Autonomie braucht ein gewisses Maß an Privatheit. Doch die schwindet.

Foto: Cate Gillon/Getty Images

Es braucht nicht den großen Knall. Es braucht keine Zäsur, um unser Gesellschaftssystem zu verändern. Ein Systemwechsel kann auch als Übergang vonstatten gehen: Machtverhältnisse und die Regeln des Alltags verändern sich schleichend. Soziale Normen und Verhaltensweisen verschieben sich. Das kann eine Chance sein für mehr Solidarität und den Abbau von Herrschaftsstrukturen. Es kann aber auch eine große Bedrohung sein – sagen Michael Pauen und Harald Welzer. Ihr Buch “Autonomie – Eine Verteidigung” lässt mich besorgt fragen: Sind wir schon längst wieder auf dem Weg in eine totalitäre Gesellschaft?

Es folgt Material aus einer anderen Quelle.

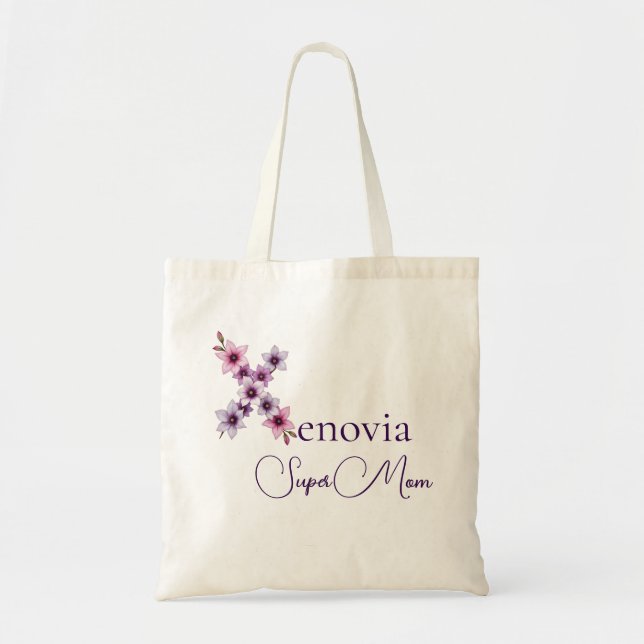 Initialer Monogram + Namn Super Mamma Tygkasse (Framsidan)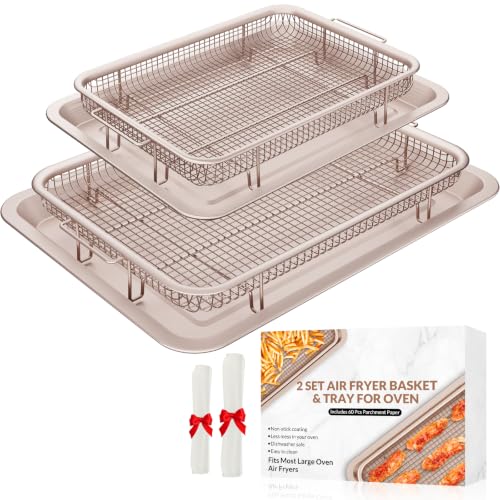 Image of Air Fryer Basket for Oven, OPENICE 2 Set Oven Air Fryer Basket and Tray with 60 Pcs Parchment Papers, Air Fryer Pan Crisper Tray Set for Crisping, Frying - Golden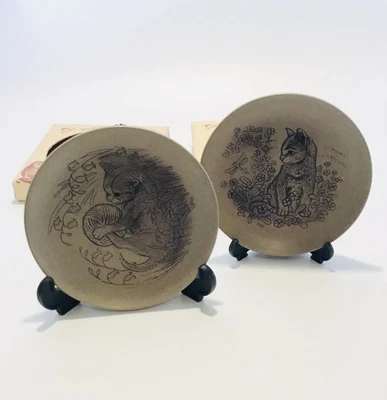 £18.99 • Buy Poole Pottery Vintage Set Of 2 Cat Lovers Collectors Plates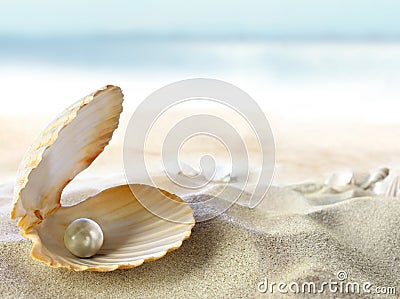 Shell with a pearl Stock Photo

Autonomie ist in unserer Gesellschaft eigentlich ein hohes Gut. Je mehr wir uns individualisiert haben, umso größer wurden unsere persönlichen Handlungsspielräume. Autonomes Handeln gilt gemeinhin als positiv, während “Mitläufer*innen” etwas schief angeschaut werden: Hast du etwa keine eigene Meinung? Gerade die kapitalistische Vorstellung von der eigenen Inwertsetzung und vom persönlichem Erfolg scheinen darauf abzuzielen. Doch liegt diesem Streben nach Individualität und Einzelkämpfer*innentum nicht auch nur konformes Handeln zugrunde?

Autonomie vs. Heteronomie

Mitunter ist es offenbar schwierig, eine klare Linie zu ziehen: Wo handle ich tatsächlich autonom, das heißt nach meinen eigenen Überzeugungen? Und bin ich bereit, dabei Widerstände und Gefahren in Kauf zu nehmen? Oder richte ich mich nach den Einfllüssen aus meiner Umwelt oder Überzeugungen anderer Menschen? Wo verhalte ich mich heteronom? Wie so oft, kommt es auf die richtige Kombination an: Keine Gesellschaft kann weder funktionieren, wenn alle Menschen völlig autonom noch wenn sie völlig heteronom handeln.

So wie es gewisse geteilte Vorstellungen und Vereinbarungen braucht, muss es immer auch möglich sein, abzuweichen – nicht zuletzt um Fehlentwicklungen der Gruppe zu korrigieren oder Rückkopplungsmechanismen zu entschärfen. Ansonsten besteht die Gefahr, dass sich die Gruppe gemeinsam zu einem Verhalten hinreißen lässt, dass keine der einzelnen Personen alleine für möglich gehalten hätte. Besonders in homogenen Gruppen kann das der Fall sein. Es entwickelt sich so genanntes “group think”, das kaum mehr hinterfragt oder kritisiert wird. Im schlimmsten Fall sind wir völlig konform mit unserer Umgebung und verinnerlichen deren Werte und Überzeugungen. Es braucht dann nicht mal mehr physischen und psychischen Zwang, um uns auf Linie zu bringen.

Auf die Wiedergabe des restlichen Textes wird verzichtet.